From: Yonghong Song <yonghong.song@linux.dev>
To: Andrii Nakryiko <andrii.nakryiko@gmail.com>
Cc: bpf@vger.kernel.org, Alexei Starovoitov <ast@kernel.org>,
Andrii Nakryiko <andrii@kernel.org>,
Daniel Borkmann <daniel@iogearbox.net>,
Jakub Sitnicki <jakub@cloudflare.com>,
John Fastabend <john.fastabend@gmail.com>,
kernel-team@fb.com, Martin KaFai Lau <martin.lau@kernel.org>
Subject: Re: [PATCH bpf-next v4 1/5] bpf: Add bpf_link support for sk_msg and sk_skb progs
Date: Fri, 5 Apr 2024 22:21:19 -0700 [thread overview]
Message-ID: <bbfb67d2-2674-41ed-a748-eb364fd22146@linux.dev> (raw)
In-Reply-To: <CAEf4Bza+V-DerE=Y2cuNNYgyv0jv0b4RH2r3gXt9=uzZzA2JTQ@mail.gmail.com>
On 4/5/24 1:12 PM, Andrii Nakryiko wrote:
> On Wed, Apr 3, 2024 at 7:53 PM Yonghong Song <yonghong.song@linux.dev> wrote:
>> Add bpf_link support for sk_msg and sk_skb programs. We have an
>> internal request to support bpf_link for sk_msg programs so user
>> space can have a uniform handling with bpf_link based libbpf
>> APIs. Using bpf_link based libbpf API also has a benefit which
>> makes system robust by decoupling prog life cycle and
>> attachment life cycle.
>>
>> Signed-off-by: Yonghong Song <yonghong.song@linux.dev>
>> ---
>> include/linux/bpf.h | 6 +
>> include/linux/skmsg.h | 4 +
>> include/uapi/linux/bpf.h | 5 +
>> kernel/bpf/syscall.c | 4 +
>> net/core/sock_map.c | 268 ++++++++++++++++++++++++++++++++-
>> tools/include/uapi/linux/bpf.h | 5 +
>> 6 files changed, 284 insertions(+), 8 deletions(-)
>>
> [...]
>
>> @@ -103,7 +111,7 @@ int sock_map_prog_detach(const union bpf_attr *attr, enum bpf_prog_type ptype)
>> goto put_prog;
>> }
>>
>> - ret = sock_map_prog_update(map, NULL, prog, attr->attach_type);
>> + ret = sock_map_prog_update(map, NULL, prog, NULL, attr->attach_type);
>> put_prog:
>> bpf_prog_put(prog);
>> put_map:
>> @@ -1488,21 +1496,79 @@ static int sock_map_prog_lookup(struct bpf_map *map, struct bpf_prog ***pprog,
>> return 0;
>> }
>>
>> +static int sock_map_link_lookup(struct bpf_map *map, struct bpf_link ***plink,
>> + struct bpf_link *link, bool skip_check, u32 which)

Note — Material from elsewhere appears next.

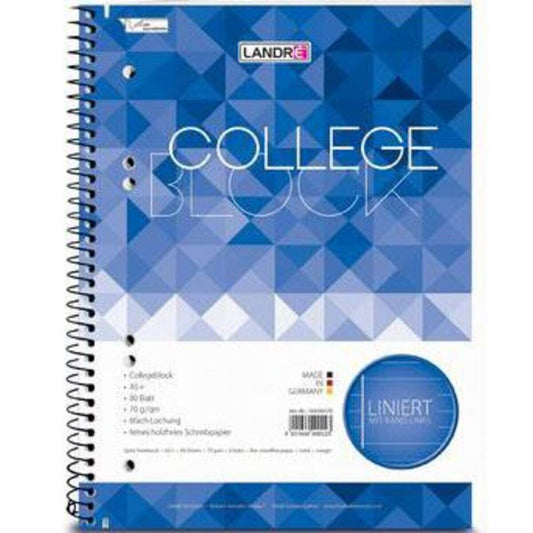 landre-collegeblock-a5-liniert-sortiert-CD946D7F1.jpg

> why not combine prog + link into a single lookup? also it seems like
> sock_map_prog_lookup has some additional EBUSY conditions, do we need
> to replicate them here?
I can combine them together.
>
>> +{
>> + struct sk_psock_progs *progs = sock_map_progs(map);
>> + struct bpf_link **cur_plink;
>> +
>> + switch (which) {
>> + case BPF_SK_MSG_VERDICT:
>> + cur_plink = &progs->msg_parser_link;
>> + break;
>> +#if IS_ENABLED(CONFIG_BPF_STREAM_PARSER)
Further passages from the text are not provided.